#### [Exercise requirements]
The reply must contain exactly the lines below from the one with "Boîte cadeau magnétique" down to the one with "Chủ tịch và", both included, and nothing more; please omit the pictures.

#### [Extracted material]
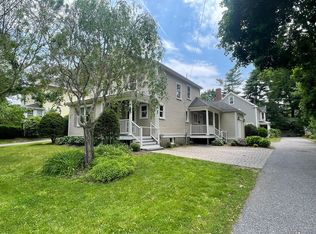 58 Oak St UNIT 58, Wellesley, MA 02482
...
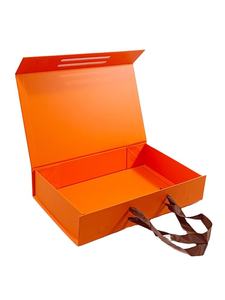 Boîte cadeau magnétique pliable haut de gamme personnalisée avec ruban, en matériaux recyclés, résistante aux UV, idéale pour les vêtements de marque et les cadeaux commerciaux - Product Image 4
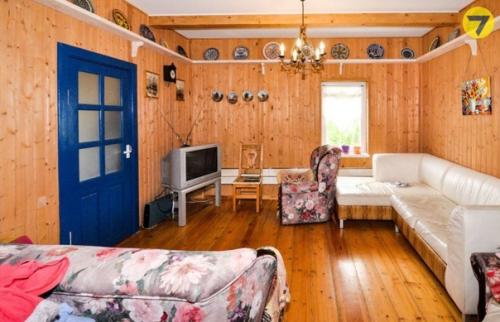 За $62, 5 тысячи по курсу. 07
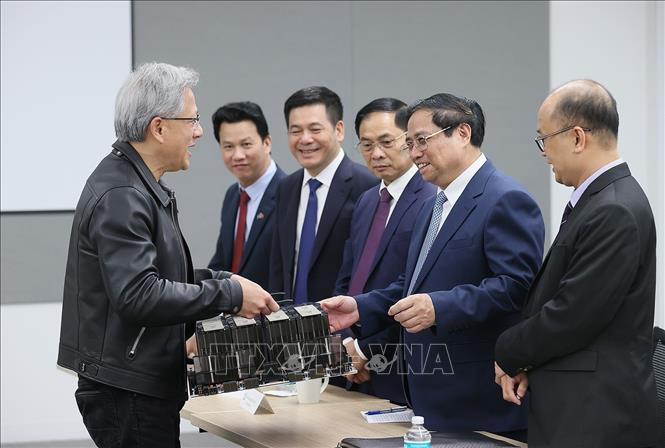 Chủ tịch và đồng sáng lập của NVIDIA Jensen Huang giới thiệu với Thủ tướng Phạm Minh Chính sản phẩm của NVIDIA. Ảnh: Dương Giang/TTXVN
--
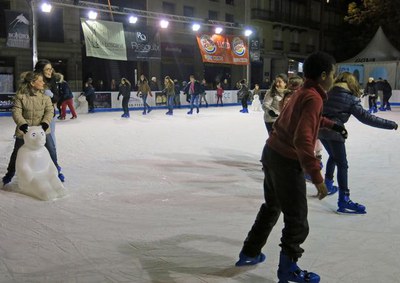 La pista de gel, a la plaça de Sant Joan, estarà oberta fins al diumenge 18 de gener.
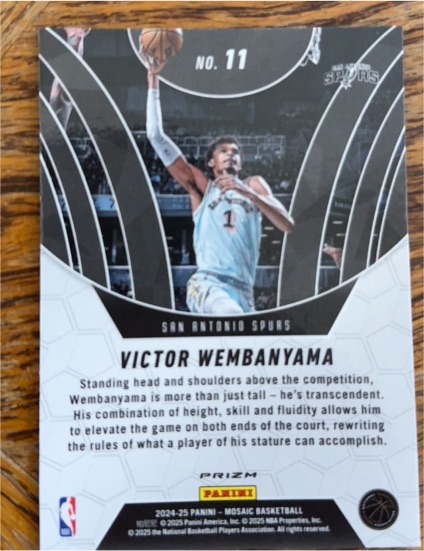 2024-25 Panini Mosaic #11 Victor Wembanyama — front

#### [Answer to this task]
 Boîte cadeau magnétique pliable haut de gamme personnalisée avec ruban, en matériaux recyclés, résistante aux UV, idéale pour les vêtements de marque et les cadeaux commerciaux - Product Image 4
 За $62, 5 тысячи по курсу. 07
 Chủ tịch và đồng sáng lập của NVIDIA Jensen Huang giới thiệu với Thủ tướng Phạm Minh Chính sản phẩm của NVIDIA. Ảnh: Dương Giang/TTXVN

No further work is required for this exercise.